Pictured: A gorse fire spreads across the Mourne Mountains overlooking Newcastle, Co Down. Firefighters were battling a huge gorse fire spreading across the Mountains on Friday, with to 60 firefighters and 12 appliances at the scene
‘We would request that the public avoid the Glen River and Bloody Bridge River access points this weekend due to the ongoing incident and potential for further fires in the extremely dry conditions.
‘NIFRS would like to highlight the unsuitability for wild camping in these areas this weekend due to current fire conditions.
‘We would ask the public to exercise due care and vigilance in relation to fire safety if out in the countryside during this current dry spell.’
Firefighters have been at the scene since Friday morning, with the constant movement of the blaze throughout the day constantly challenging the fire fighting efforts of those on the ground.
Pictures from the town overnight on Friday showed locals watching over the small County Down town at the foot of the pitch-black hills, with blaze spreading across them and smoke rising into the night’s sky.
SDLP MLA Colin McGrath said Friday’s wildfire in the Mournes highlighted the need to develop an all-island strategy to address the matter.
‘With courageous fire crews tackling the blaze from early Friday morning there was a hope that the fire could be contained,’ he added.
‘However, with some light winds it unfortunately managed to spread down the eastern slope of Leganabruchan and eventually into Donard Forest in Newcastle.
Twelve fire appliances and around 60 firefighters have been at the scene in the Bloody Bridge area since the early hours of Friday
Pictured: A map showing the location of the fires in Northern Ireland
‘By the afternoon of Friday there were some 60 brave firefighters doing their best to maintain the blaze, with the smoke visible from as far away as Downpatrick.
‘I pay tribute to their bravery and determination. Sadly, this will not only have a devastating impact on the natural landscape but the local economy of Newcastle that relies so heavily on the tourist product we associate with the Mournes.
‘Having met with the NIFRS it is clear that they are doing everything they can to combat these blazes.
Pictured: Locals watch on over Newcastle, County Down as the blaze spreads across the mountains behind the town, in the late hours of Friday, April 23
‘However, the issue of gorse and wildfires is something that affects our entire island and our response to it cannot just be a reaction to every outbreak of fire but a measured response that attempts to understand why these fires are happening so often and ultimately to prevent them.
‘That over the last four years we have had three years with continuous fires tells me we need to act now for the health and wellbeing of all our people.’
McGrath said that most firefighters were withdrawn for safety reasons over night, but that they would be back in the early hours of the morning when its cooler.

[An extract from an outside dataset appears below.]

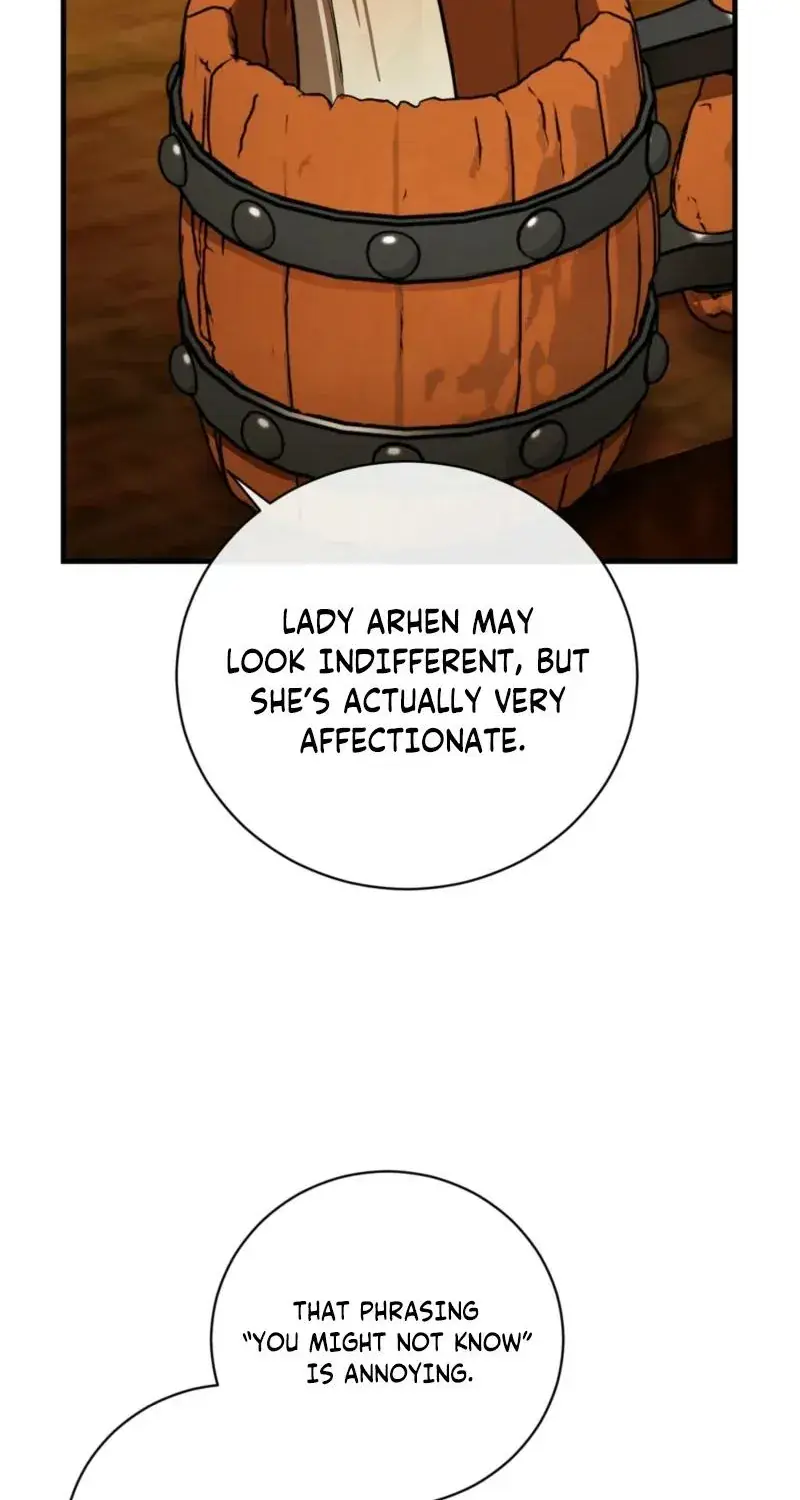 The Demon King Wants to Live in Peace Chapter 13 Page 28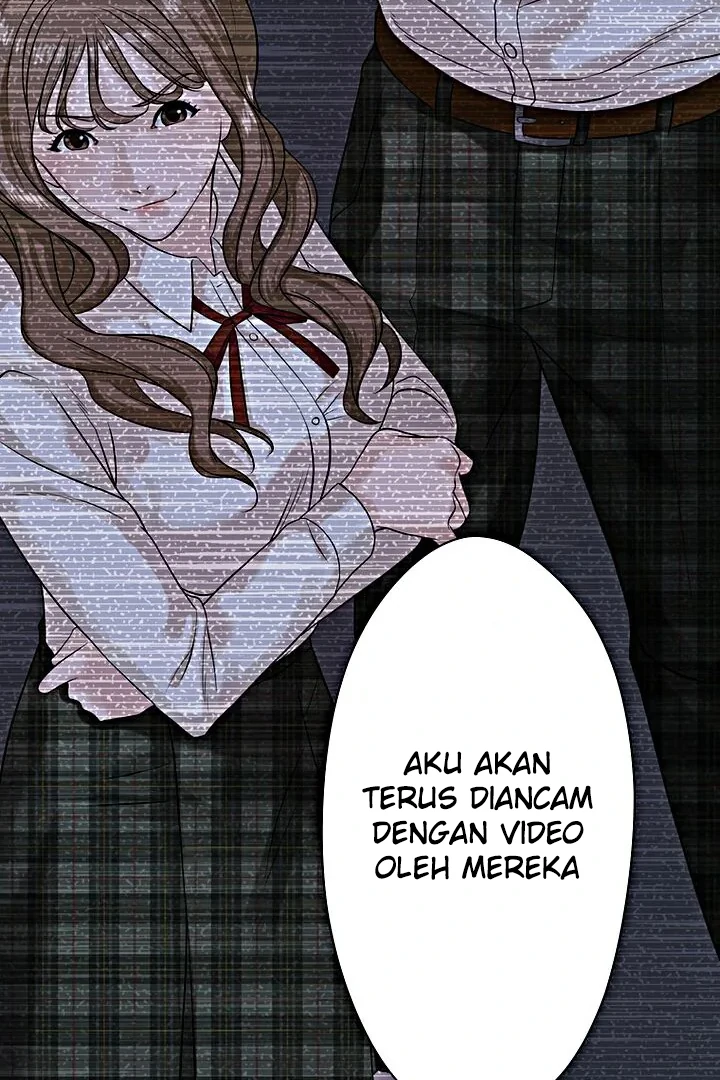 The Devil in School Chapter 16 - Halaman 82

Pictures from the town overnight on Friday showed locals watching over the small County Down town at the foot of the pitch-black hills, with blaze spreading across them and smoke rising into the night’s sky
Local residents told Belfast Live they had never seen such fires on the mountain, and feared the damage that the blaze could have done to the local wildlife.
‘We have never seen it as bad at this.. it’s frightening the damage that is being done. The ground nesting birds wildlife will be suffering so badly,’ one person told the news outlet.
‘We don’t know what started it but it’s been dry recently and we need rain to help. It is so upsetting to see it so bad even from a distance we can see the actual flames.’
DUP Agriculture Minister Edwin Poots tweeted on Friday that it was ‘sickening that one human can cause so much damage to our environment and biodiversity in the beautiful Mournes. Thank you so much to the NIFRS and first responders.’